贞节,这是个问题(2)

“你的灾屯,想应天付,却与我相类。当时我父曾被水贼伤生,我母被水贼欺占,经三个月,分娩了我。我在水中逃了性命,幸金山寺恩师救养成人。记得我幼年无父母,此间那太子失双亲,惭惶不已!”

而那点不同,那点关键的不同,就在于:殷小姐被贼人点污,而乌鸡国正宫娘娘却得以保留贞节。这点关键的不同也决定了二人的不同命运:殷小姐“毕竟从容自尽“,而乌鸡国正宫娘娘和丈夫儿子一家团圆。

贞节,向来是重大的问题;在这个问题面前,生与死一概可以置之度外。其实我这么说不够全面;男人除了自己的大小老婆之外,还有另外一个老婆。那个老婆就是皇帝老儿。故此说,“饿死是小,失节事大“。不过万一非要失“节“,在处理此“节“之前,定要处理好彼“节”。读到元朝一位将领潘元绍据说有七个老婆。潘将军被困苏州城内,眼看要败,便对自己的七个大小老婆说“我受国重寄,义不顾家,恐有不测,诫若等宜自引决,毋为人嗤也。“于是,七个老婆统统上吊自杀。而潘将军却投降明朝,做了贰臣。读得我一哭,一叹,继而哑然失笑。

读着殷小姐的遭遇,我想殷小姐应该是很想“生“的吧。头次,投河不遂,又因身孕,自己有了“活“下去的理由。“身孕“常常是女人活下去的理由。警世通言里一则故事“苏知县罗衫再合“。苏知县也被贼人投入水中,而其夫人被强人所夺,因有九个月的身孕,也未死。原因是:“若死了不打紧,我丈夫就绝后了“。或死,或活,其根本原因都是“我男人““我丈夫“。女人因身孕忍辱偷生,在替丈夫传宗接代之后就死掉,以保留夫家一门青誉。文人的笔何其狠哉?

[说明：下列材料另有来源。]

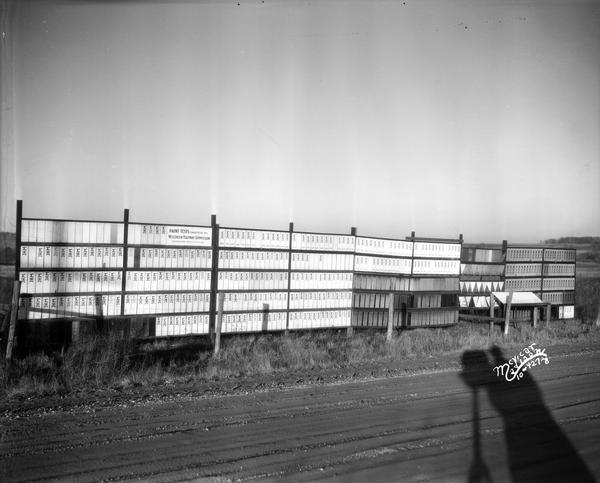Paint test panels near Middleton, with shadow of photographer and camera.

殷温娇生下了儿子,托与江流,应该可以死了吧?她没有死。也许因为她不愿如此离开人世,也许因为她希望看到血仇得报,家人团聚的一天。另则,还也许因为江洲地界,除了满堂娇,刘洪,李彪三人知道事情的深情底里之外,并无一人知道殷夫人从了贼,社会压力并不大。但是,我还是想,她一定是很想“生“的吧。十八年跟着贼人,思念丈夫,婆婆,儿子未知下落,还有心灵对自己的谴责,该是怎样的折磨,一日一日,一年一年。最后,仇报了,人活了。父亲宽慰她“因出乎不得已而改节“,“团圆会“也开过了。只是百美终有一瑕:学士夫人曾经为贼人点污。于家,于夫,于父都是将成为世人的笑柄,窃窃私语的话题。她,活不下去了。跟着贼人,她熬了过来;跟着家人,她活不下去了。她的“从容自尽“应是他们一家没有明说的“期望“(expectation)。我不信她是“从容自尽“的,儿子,双亲,丈夫是她苦熬十八年的关键词。而她熬了多少日子,才熬到了今天?当她拿着白绫子走向悬梁的时候,眼中应该有泪,心头也许泣血;也许她想起了那鲜花着锦的招亲之日,想起了与儿子重逢的瞬间,还有丈夫复活的霎那,她有没有恨?有没有很多的留恋?我们只能猜度,永远不能得知。“她们”想的什么,我们大概也不会知道了;因为文章大体是“他们“写的,话是“他们“说的。

而,我们知道“他们“是怎么想的:“黄金不惜买蛾眉,拣得如花只一枝。歌舞教成新力尽,一朝身死不相随“。

记得好几年前在一个论坛,几个女孩子讨论古代女性,可以焚香抚琴,窗前读书,灯下女红,闲来还可以写诗弄文;大意是,还是做古时女子好。可是,即便有如上如斯好处,即便得幸投胎于富贵人家,书香门第;即便如今既要安身立命,又须调脂弄粉;即便如今蹬着九寸高跟,却冲杀于江湖;若做女人,我,愿做今时的女人。至少在“一死“之外,还有其他的出路(outlet).

比如,设若殷小姐生活在现在,估计“陈光蕊“大有可能耿耿于怀,“殷温娇“决定与之离婚。言情小说家们说不定还会加上一段:“。。。内心痛苦的她决定逃离南赡部州,永远离开这个伤心之地;于是去西牛贺州留学了。。。。”